Li Mei at least has a moderately interesting origin concept: she’s supposed to be your average Outworlder. After a series of games where it seemed like the only residents of Outworld were sword-mutants, lizards, and filthy wizards, Li Mei was introduced as simply your average Outworld villager. And, as you might expect, that’s a pretty crappy situation to be in. Li Mei and her entire village was enslaved at the start of Deadly Alliance, but, knowing exactly how prisons work, Li Mei knocked the tar out of Kano on her first day. This drew the attention of Quan Chi, who decided that Li Mei would gain her freedom if she won the loose tournament that was the Deadly Alliance epoch. She got a little training from Shujinko (we’ll get into that goober next game), and went on to do pretty well! She did so well, in fact, that Quan Chi and Shang Tsung decided to transfer her soul into a random immortal corpse for use in the Dragon King’s army. She was not happy with that outcome. And that, in the business world, is known as the Peter Principle.

Going down?

But Li Mei was rescued from her lethal promotion by Bo’ Rai Cho, because MK is not going to let a sexy lady model go to waste in a corpse Bo’ Rai Cho is a good guy. Li Mei’s soul is returned to her body, but it seems some of the dragon soldier taint came along with the transfer, so now Li Mei is less “naïve neophyte” and more “bloodthirsty revenge monster”. This didn’t change a thing about her boring special moves, but it did mean she traded in her old duds for some (sexy lady shaped) armor. And she got a sword! And her MK: Deception ending revealed that, had this version of Li Mei been allowed to flourish, she likely would have gone all-in on the whole “evil and serving the Dragon King” thing. That never happened, though, as Li Mei earned the dubious honor of being kanonically the first fighter to die at the start of MK: Armageddon. This was the event where literally everyone died, but, hey, good to have someone designated as first in line.

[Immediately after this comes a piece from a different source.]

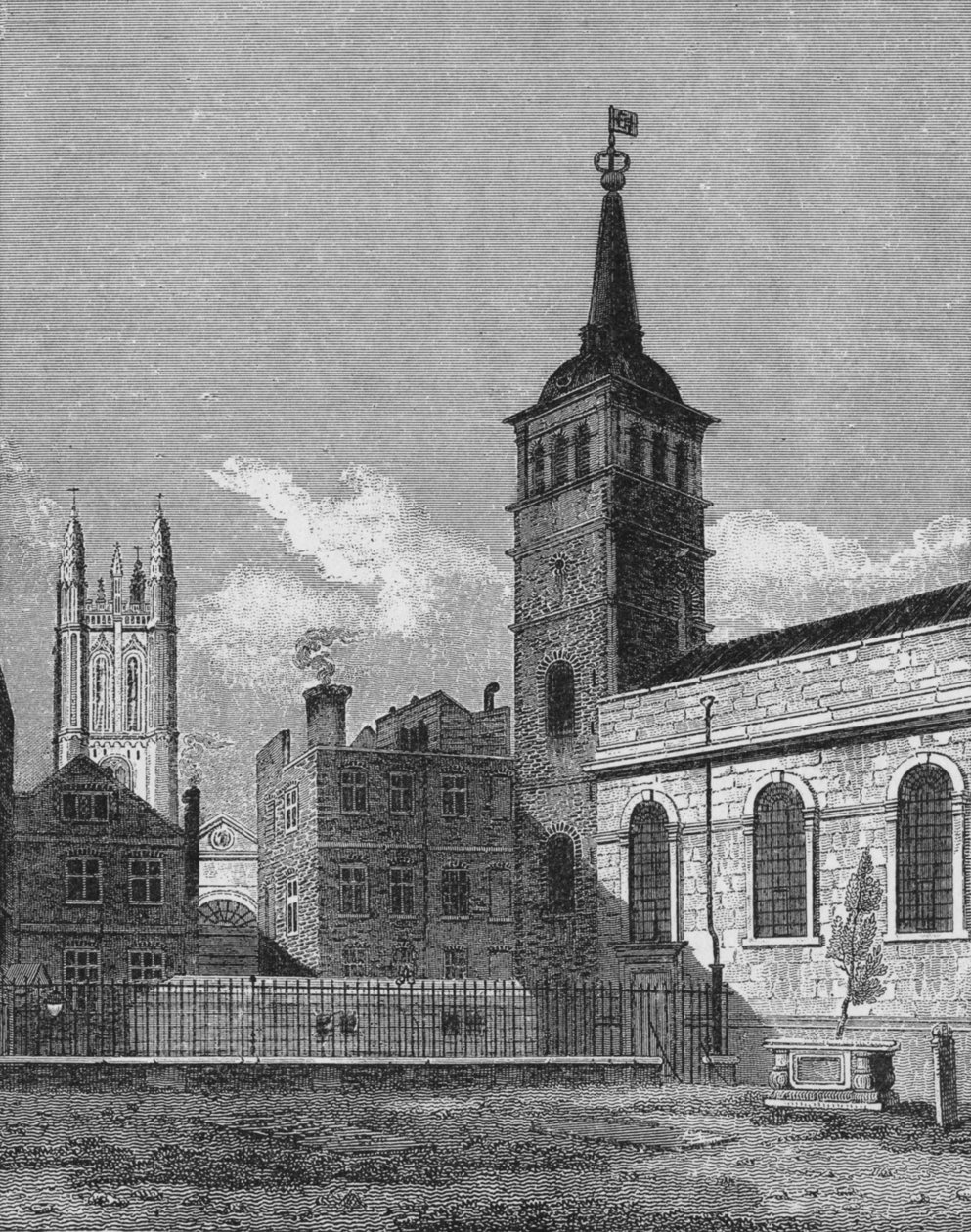 St Peters Kilisesi, Cornhill, Londra Şehri, 1811 1911 by George Sidney Shepherd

Li Mei does pop up in Mortal Kombat X, though. She’s not a fighter, but she does lead her village from Outworld to Earthrealm when a magically empowered Mileena threatens her people. Cool! And, in a weird dimensional echo, she once again jobs Kano, this time by ratting him out for being a weird, shifty dude with a robotic eye. This leads to the Special Forces capturing the fugitive Kano, so thanks, Li Mei, you didn’t even need a battle bikini to be useful in this rebooted universe. Cheers all around!

Still not great with faces

Of course, most people probably didn’t even recognize that Li Mei was supposed to be anybody when she made her little cameo, so she really only gets partial credit. Maybe if she had some more special moves that involved farts she’d have made the DLC cut.